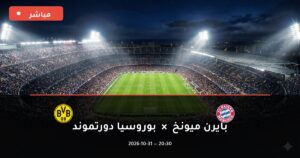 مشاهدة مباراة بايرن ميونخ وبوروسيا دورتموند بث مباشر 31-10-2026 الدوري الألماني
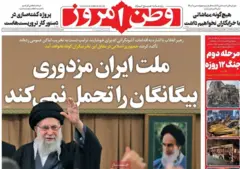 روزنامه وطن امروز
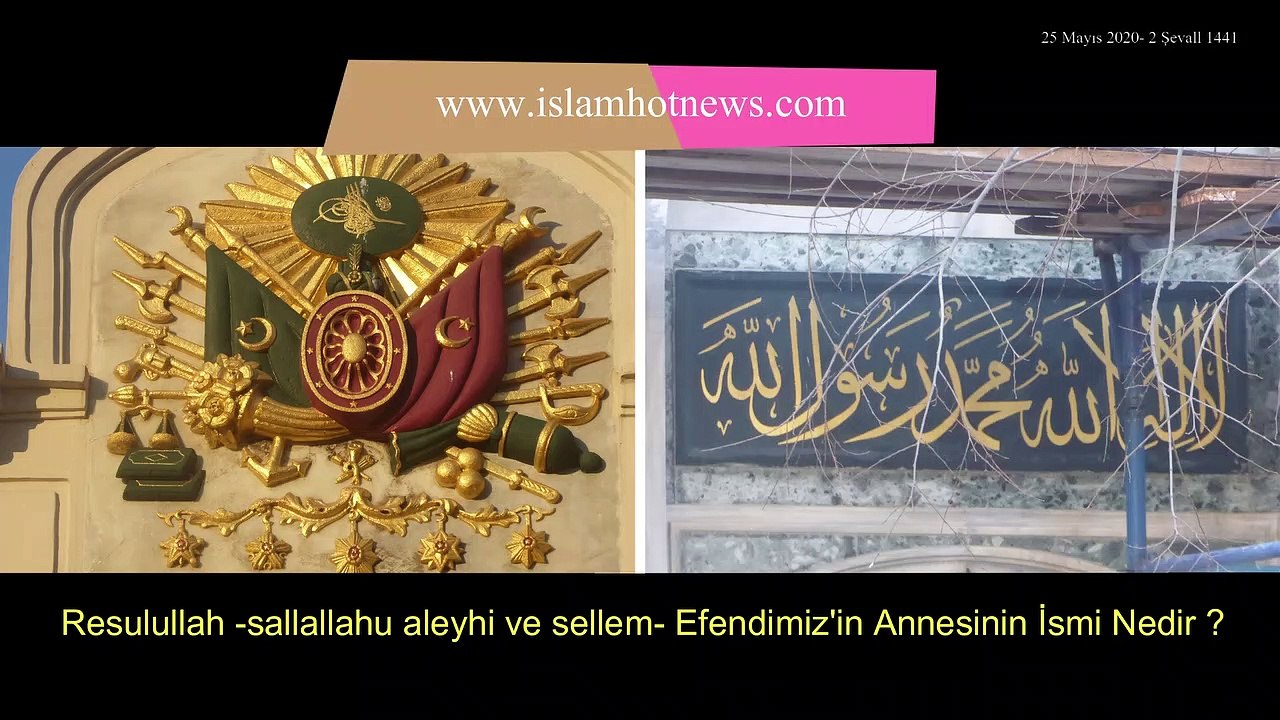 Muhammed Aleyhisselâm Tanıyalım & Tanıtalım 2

* * *

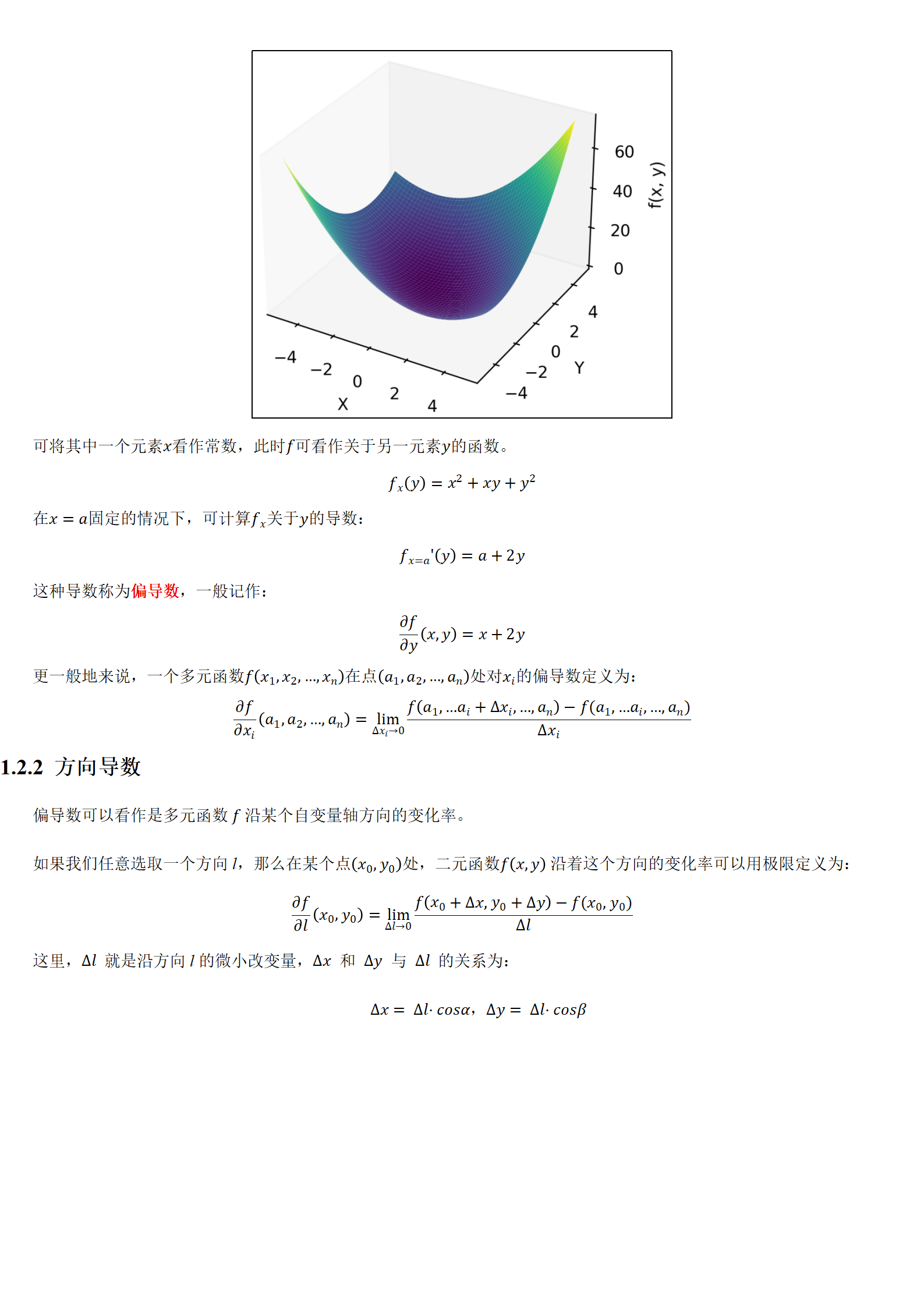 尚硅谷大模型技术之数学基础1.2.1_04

==

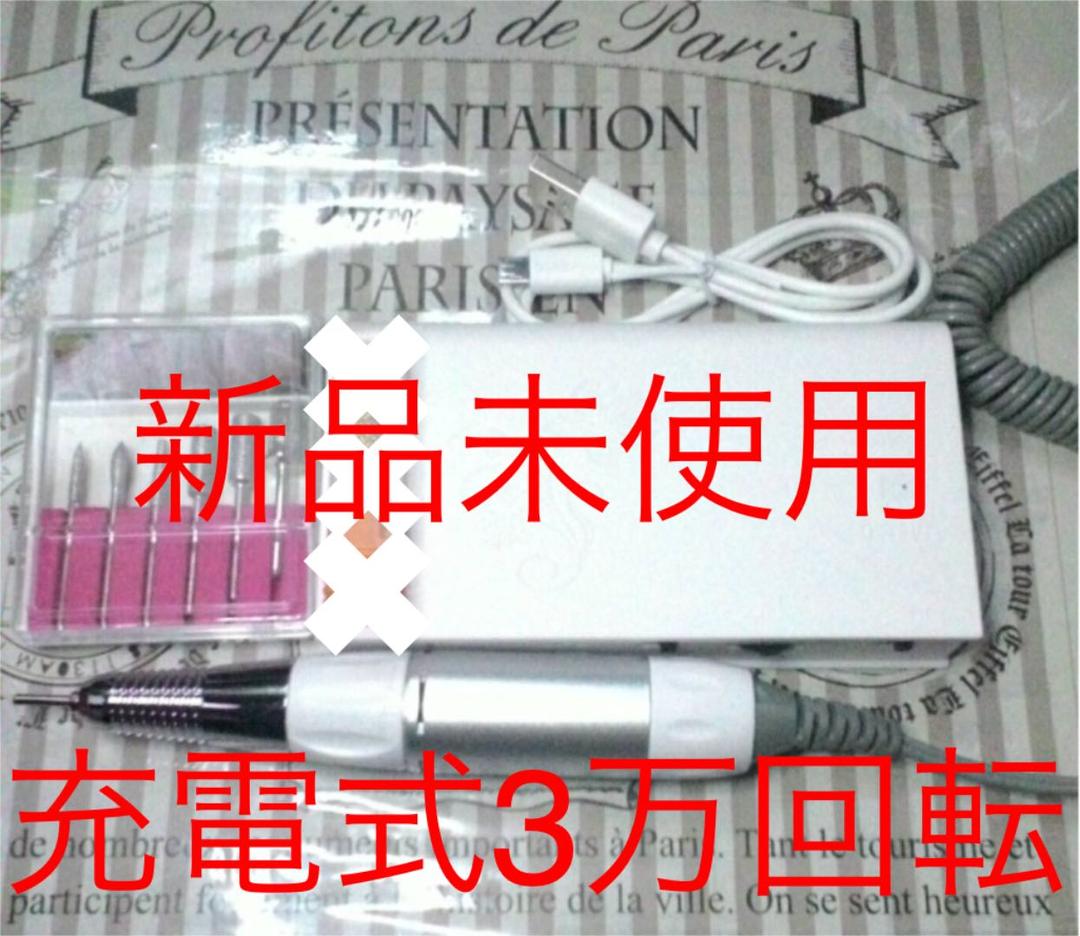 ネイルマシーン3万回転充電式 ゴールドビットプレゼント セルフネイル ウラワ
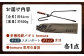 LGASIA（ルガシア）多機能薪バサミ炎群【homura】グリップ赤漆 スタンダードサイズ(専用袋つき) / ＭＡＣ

Problem details.
Copy out the listing above from the line containing "مشاهدة مباراة بايرن" to the line containing "Muhammed Aleyhisselâm Tanıyalım", both included, exactly as written and minus the images.

Answer space.
 مشاهدة مباراة بايرن ميونخ وبوروسيا دورتموند بث مباشر 31-10-2026 الدوري الألماني
 روزنامه وطن امروز
 Muhammed Aleyhisselâm Tanıyalım & Tanıtalım 2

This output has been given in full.